前回申し上げたように、日本の部活動的マネージャー像は、身の回りを世話してくれる「お手伝いさん」です。だから練習には参加しません。

実技をしないという事ではなく、「そこは私たちに関係のない領域」という感覚でいます。練習は選手の場所であると。

たとえ人手が足りていなくて、自分が入ってあげたら埋まるのに、目の前に起きている事に対して何も手を貸そうとしません。

この日、バーベルを担いでスクワットをしたのですが、体育館でトレーニングしているので両脇にサポートが必要でした。最初と最後にバーベルを持ってあげるためです。

人数が足らず、片方に人がいない状況が目の前にあるのに、それを見ていてマネージャーは行こうとしません。

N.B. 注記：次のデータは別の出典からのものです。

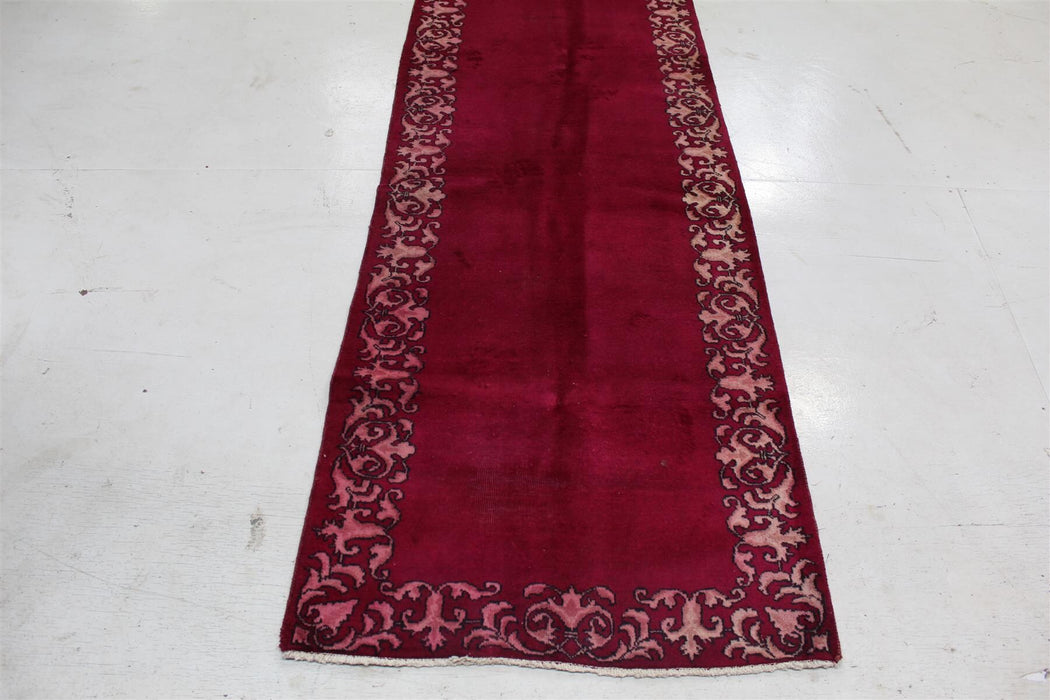 Lovely Pink Traditional Vintage Floral Handmade Wool Hallway Runner 60cm x 470cm bottom view www.homelooks.com
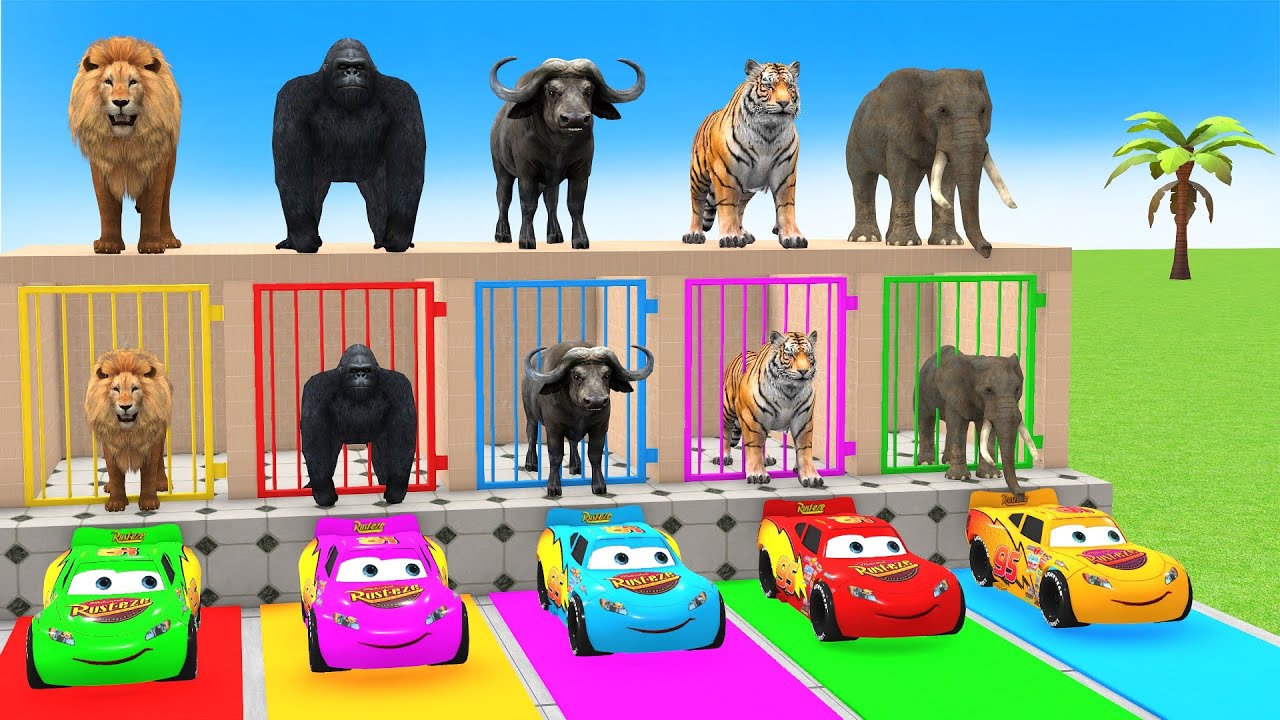 Long Slide Game With Cow Elephant Gorilla Hippopotamus Tiger 3d Animal Game Funny 3d Animals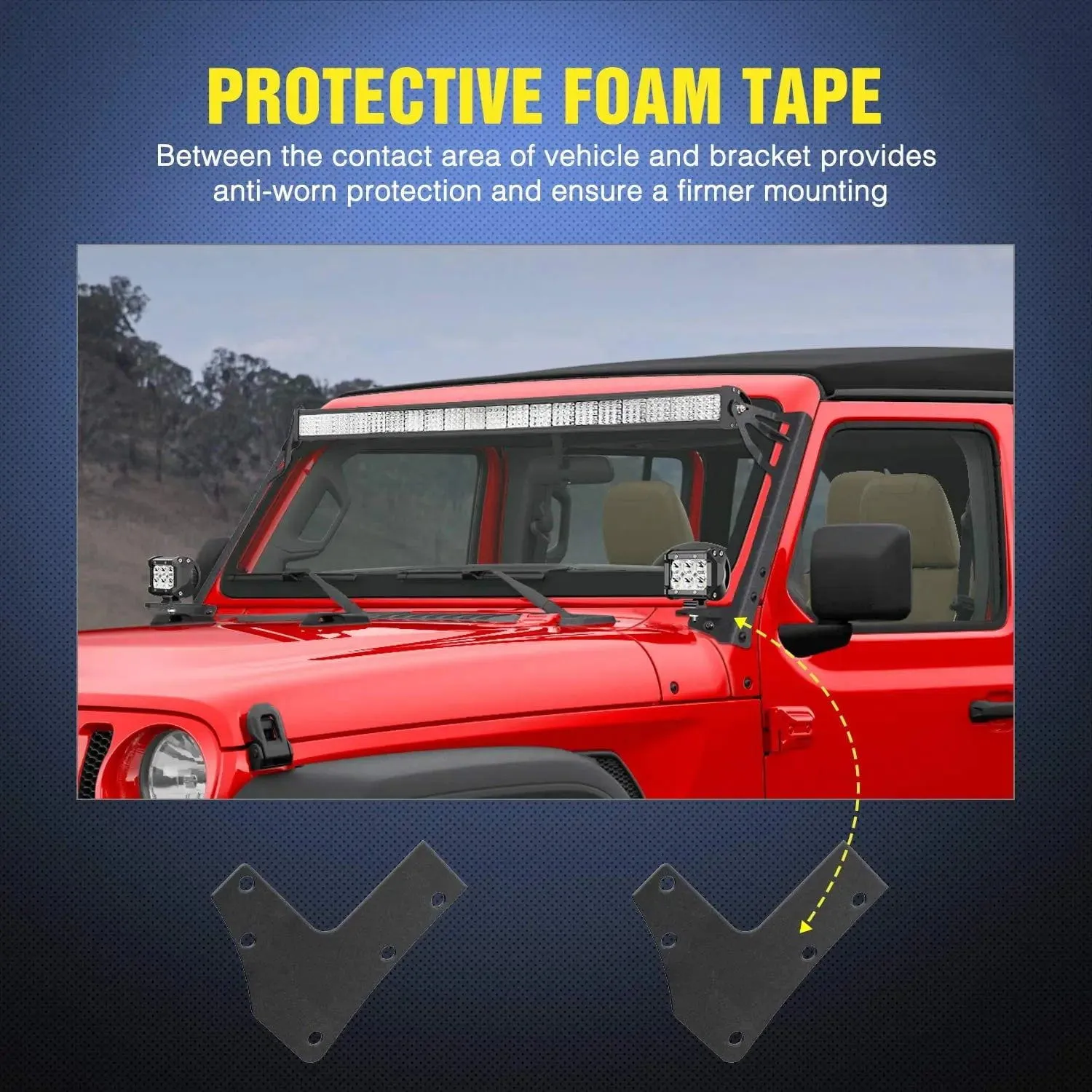 52 Inch Light Bar and Pod Light Windshield Frame Mounts For 2007-2017 Jeep Wrangler JK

どうしてか。自分の関わるところじゃないと、はじめから決めているからです。

決めているのか、決まっていると思っているのか。どちらだと考えますか?

僕は日本的なマネージャーの在り方そのものの問題だと考えています。マネージャーとはそういうものだと信じているので、ハナから考えることもしません。

だから誰かが意図的にえぐって掘り起こして、問題提起しなくてはいけないんです。

▼トレーニングのアドバイスをしてほしい

一人の1年生マネージャーには、
「ノートはまずいらないから、積極的に練習に参加して、実技はしなくても選手と一緒にトレーニングについてあれこれ言ったりおこなったりしてほしい」
という旨を伝えました。

バーベルを持ち上げてやったり、その準備と片付けをしたりすることは、選手かマネージャーかに限定はありません。一つの練習をしている部員なのですから、選手らとなにも変わらず同じように行動すれば良いのです。

さらに、トレーニングの方法にしても、説明と違っているところがあれば教えてあげたって良いのです。マネージャーがそれを言って、なにを悪いことがありますか?

姿勢が崩れているよとか、脚の開きが説明と違うよなど、僕のレッスンを一緒になって聴いていれば、実技中に選手へ伝えてあげられるはずです

重いバーベルを担いで必死になっている選手は、気がそこまで回らないものです。間違った方法で練習してしまうなんてよくありがちなことなのですから、マネージャーの活躍する出番ではないでしょうか。

それこそがチームづくりに寄与する行動です。